=== Section Start ===

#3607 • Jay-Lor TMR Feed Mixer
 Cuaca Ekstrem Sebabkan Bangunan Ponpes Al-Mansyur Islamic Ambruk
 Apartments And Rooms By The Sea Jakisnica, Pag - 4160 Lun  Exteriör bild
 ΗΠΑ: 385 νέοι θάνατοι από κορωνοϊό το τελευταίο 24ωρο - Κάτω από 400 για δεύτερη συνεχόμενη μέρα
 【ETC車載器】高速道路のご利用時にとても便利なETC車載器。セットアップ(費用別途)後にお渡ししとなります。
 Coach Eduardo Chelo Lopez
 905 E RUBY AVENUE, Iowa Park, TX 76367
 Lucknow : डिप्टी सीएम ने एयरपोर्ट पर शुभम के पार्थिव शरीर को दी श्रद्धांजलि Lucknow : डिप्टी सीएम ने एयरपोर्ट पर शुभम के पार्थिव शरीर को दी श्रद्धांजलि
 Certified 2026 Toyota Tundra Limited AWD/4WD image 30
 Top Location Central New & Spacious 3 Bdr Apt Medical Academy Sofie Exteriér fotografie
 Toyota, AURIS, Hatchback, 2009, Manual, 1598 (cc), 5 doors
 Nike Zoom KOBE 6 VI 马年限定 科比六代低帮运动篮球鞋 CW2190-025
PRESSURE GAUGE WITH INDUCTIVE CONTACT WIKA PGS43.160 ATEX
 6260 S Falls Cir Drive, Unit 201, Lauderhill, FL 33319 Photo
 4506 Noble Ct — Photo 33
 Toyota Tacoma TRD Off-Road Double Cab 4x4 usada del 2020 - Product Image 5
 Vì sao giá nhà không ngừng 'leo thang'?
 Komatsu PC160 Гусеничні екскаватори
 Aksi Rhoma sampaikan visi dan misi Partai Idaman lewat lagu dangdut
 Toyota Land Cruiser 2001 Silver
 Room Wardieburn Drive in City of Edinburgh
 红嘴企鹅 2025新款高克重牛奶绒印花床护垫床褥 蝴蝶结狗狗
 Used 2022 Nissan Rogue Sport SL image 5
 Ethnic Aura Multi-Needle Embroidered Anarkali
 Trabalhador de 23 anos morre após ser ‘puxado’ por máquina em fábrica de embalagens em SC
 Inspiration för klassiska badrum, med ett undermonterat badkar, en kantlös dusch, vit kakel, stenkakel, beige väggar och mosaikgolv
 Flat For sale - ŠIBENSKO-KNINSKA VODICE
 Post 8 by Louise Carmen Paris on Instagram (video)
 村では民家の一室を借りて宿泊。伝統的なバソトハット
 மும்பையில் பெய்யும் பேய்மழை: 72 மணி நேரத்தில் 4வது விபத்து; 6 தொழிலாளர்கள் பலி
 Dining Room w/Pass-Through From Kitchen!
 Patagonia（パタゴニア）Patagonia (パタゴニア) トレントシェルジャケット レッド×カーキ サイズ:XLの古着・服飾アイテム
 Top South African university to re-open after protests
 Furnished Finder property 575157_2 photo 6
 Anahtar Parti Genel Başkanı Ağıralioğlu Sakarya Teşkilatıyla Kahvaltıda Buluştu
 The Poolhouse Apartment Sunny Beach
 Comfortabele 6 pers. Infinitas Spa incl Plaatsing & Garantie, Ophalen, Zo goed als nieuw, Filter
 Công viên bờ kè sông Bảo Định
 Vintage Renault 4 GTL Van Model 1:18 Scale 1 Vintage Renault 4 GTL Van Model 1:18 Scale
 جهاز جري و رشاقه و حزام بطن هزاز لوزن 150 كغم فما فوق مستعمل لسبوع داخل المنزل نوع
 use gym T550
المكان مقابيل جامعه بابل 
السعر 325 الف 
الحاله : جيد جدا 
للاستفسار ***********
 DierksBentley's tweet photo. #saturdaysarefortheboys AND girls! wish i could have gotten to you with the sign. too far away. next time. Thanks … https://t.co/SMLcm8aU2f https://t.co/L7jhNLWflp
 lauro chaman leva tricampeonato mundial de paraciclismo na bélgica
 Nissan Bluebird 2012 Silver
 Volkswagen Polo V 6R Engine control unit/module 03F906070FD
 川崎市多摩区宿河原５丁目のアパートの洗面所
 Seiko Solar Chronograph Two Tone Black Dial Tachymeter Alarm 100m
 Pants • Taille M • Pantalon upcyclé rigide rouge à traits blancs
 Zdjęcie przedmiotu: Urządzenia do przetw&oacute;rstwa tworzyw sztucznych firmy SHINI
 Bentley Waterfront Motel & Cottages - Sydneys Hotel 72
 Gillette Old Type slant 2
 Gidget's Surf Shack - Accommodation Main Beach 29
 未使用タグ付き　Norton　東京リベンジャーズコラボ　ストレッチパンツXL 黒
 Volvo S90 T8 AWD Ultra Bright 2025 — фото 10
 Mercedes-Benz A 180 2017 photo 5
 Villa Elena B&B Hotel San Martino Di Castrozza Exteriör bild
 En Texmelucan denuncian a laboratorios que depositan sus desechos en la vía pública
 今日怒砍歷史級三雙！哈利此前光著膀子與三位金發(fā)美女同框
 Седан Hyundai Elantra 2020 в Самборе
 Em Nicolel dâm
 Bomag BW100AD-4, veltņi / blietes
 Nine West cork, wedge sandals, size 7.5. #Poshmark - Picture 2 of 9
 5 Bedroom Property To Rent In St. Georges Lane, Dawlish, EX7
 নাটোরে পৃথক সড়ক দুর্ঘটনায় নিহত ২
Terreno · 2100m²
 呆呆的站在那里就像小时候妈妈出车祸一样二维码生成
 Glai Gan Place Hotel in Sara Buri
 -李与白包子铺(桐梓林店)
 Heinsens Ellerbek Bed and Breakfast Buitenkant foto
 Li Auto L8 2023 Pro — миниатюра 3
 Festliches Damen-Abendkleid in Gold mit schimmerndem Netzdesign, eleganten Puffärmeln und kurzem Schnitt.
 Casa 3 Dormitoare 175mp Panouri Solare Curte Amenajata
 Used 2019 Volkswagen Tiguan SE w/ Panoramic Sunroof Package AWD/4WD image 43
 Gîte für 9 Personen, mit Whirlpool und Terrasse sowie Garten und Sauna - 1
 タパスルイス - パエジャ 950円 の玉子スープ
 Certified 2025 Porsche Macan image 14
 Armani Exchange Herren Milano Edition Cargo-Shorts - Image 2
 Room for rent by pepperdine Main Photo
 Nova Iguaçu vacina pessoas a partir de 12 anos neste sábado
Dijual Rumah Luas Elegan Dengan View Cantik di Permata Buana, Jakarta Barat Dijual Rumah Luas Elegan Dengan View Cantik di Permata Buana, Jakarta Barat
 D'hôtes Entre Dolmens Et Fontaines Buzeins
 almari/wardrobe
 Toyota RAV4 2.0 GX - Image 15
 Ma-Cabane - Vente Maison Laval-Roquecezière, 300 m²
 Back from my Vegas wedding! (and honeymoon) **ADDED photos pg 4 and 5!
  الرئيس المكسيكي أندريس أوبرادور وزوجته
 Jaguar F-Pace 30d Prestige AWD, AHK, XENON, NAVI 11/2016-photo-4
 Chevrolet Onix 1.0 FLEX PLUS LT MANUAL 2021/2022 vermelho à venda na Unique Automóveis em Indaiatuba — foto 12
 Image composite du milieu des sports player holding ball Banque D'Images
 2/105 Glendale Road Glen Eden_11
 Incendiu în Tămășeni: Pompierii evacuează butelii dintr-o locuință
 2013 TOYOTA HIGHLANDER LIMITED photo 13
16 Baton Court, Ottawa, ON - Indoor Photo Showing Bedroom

=== Section End ===

Assignment. Write out word for word only the lines from the start of the entries down to the line with "PRESSURE GAUGE WITH", please, including both ends.

Task answer.
#3607 • Jay-Lor TMR Feed Mixer
 Cuaca Ekstrem Sebabkan Bangunan Ponpes Al-Mansyur Islamic Ambruk
 Apartments And Rooms By The Sea Jakisnica, Pag - 4160 Lun  Exteriör bild
 ΗΠΑ: 385 νέοι θάνατοι από κορωνοϊό το τελευταίο 24ωρο - Κάτω από 400 για δεύτερη συνεχόμενη μέρα
 【ETC車載器】高速道路のご利用時にとても便利なETC車載器。セットアップ(費用別途)後にお渡ししとなります。
 Coach Eduardo Chelo Lopez
 905 E RUBY AVENUE, Iowa Park, TX 76367
 Lucknow : डिप्टी सीएम ने एयरपोर्ट पर शुभम के पार्थिव शरीर को दी श्रद्धांजलि Lucknow : डिप्टी सीएम ने एयरपोर्ट पर शुभम के पार्थिव शरीर को दी श्रद्धांजलि
 Certified 2026 Toyota Tundra Limited AWD/4WD image 30
 Top Location Central New & Spacious 3 Bdr Apt Medical Academy Sofie Exteriér fotografie
 Toyota, AURIS, Hatchback, 2009, Manual, 1598 (cc), 5 doors
 Nike Zoom KOBE 6 VI 马年限定 科比六代低帮运动篮球鞋 CW2190-025
PRESSURE GAUGE WITH INDUCTIVE CONTACT WIKA PGS43.160 ATEX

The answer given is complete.